Power marketers love big businesses because billing and overhead costs are far lower. Just 2,200 big Bay State commercial customers buy as much electricity as 1.1 million residential customers.
Likewise, big businesses rave about deregulation. The 38 companies that buy electricity brokered by the Massachusetts High Technology Council have saved "north of $30 million" under the policy, said the council's, president Christopher R. Anderson.
When Bay State voters decided on deregulation in a 1998 referendum, huge advertising campaigns funded with $1 million-plus donations from Boston Edison and Mass. Electric promised more savings for consumers.
In one full-page Boston Globe ad the week before the vote, backers promised the law "cuts electric rates a minimum of 15 percent by September 1, 1999, and caps rates for at least 6 years."
What the ad left unmentioned -- unless readers followed a footnote to section 183 of the act -- was that the 15 percent cut and cap were subject to upward adjustments for inflation. Just two years later, utilities persuaded state regulators to rule that inflation means not just the consumer price index, but increases in the cost of fuel.

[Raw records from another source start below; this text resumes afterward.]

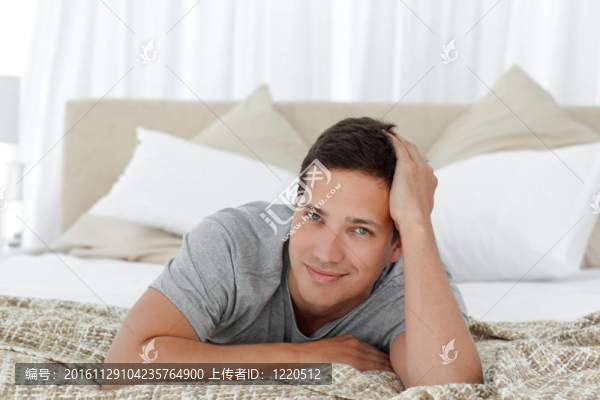 一個快樂的人在他的床上放松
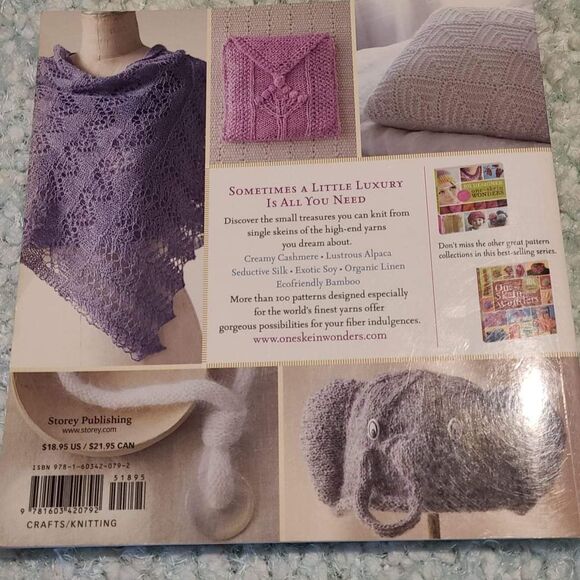 101 small indulgences
Luxury one-skein wonders by Judith Durant - Picture 2 of 2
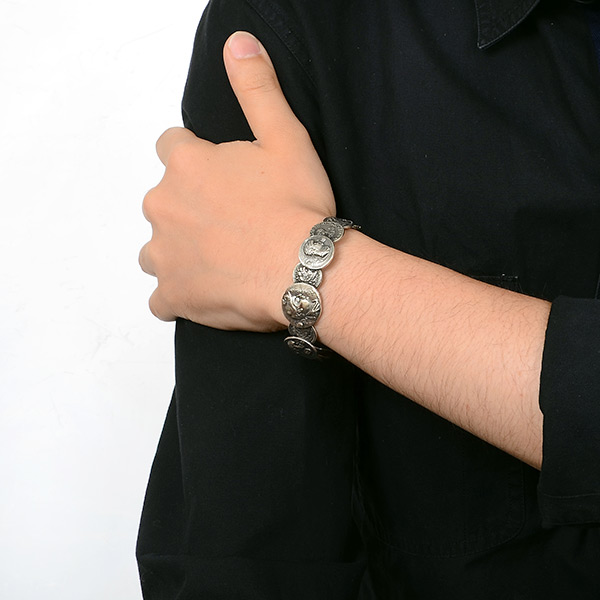 ブラスバングル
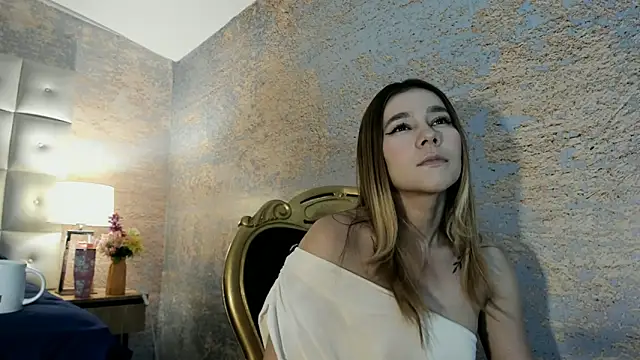 Snapshot of Lezy_ chatting on March 1, 7:38 pm Lezy online show from March 1, 7:38 pm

That left the guaranteed 15 percent rate reduction a mirage. Residential customers of NStar's Boston Edison unit, for example, have been hit with total rate increases of 44 percent since 1998, largely because of the run-up in world energy costs.
The state's utilities also fared unexpectedly well with the deregulation-mandated power plant sales. PG&E Corp. and Mirant Corp. bought plants at wildly inflated prices and later filed for bankruptcy. Mass. Electric got $490 million more than it counted on its books for plants it sold in 1998. Those sales indirectly benefited consumers. By cutting fixed costs the utility passes through, Mass. Electric's average residential customers save over $2 every month, the company says.
What its residential and small-business customers don't have, however, is any good alternative to paying Mass. Electric for power.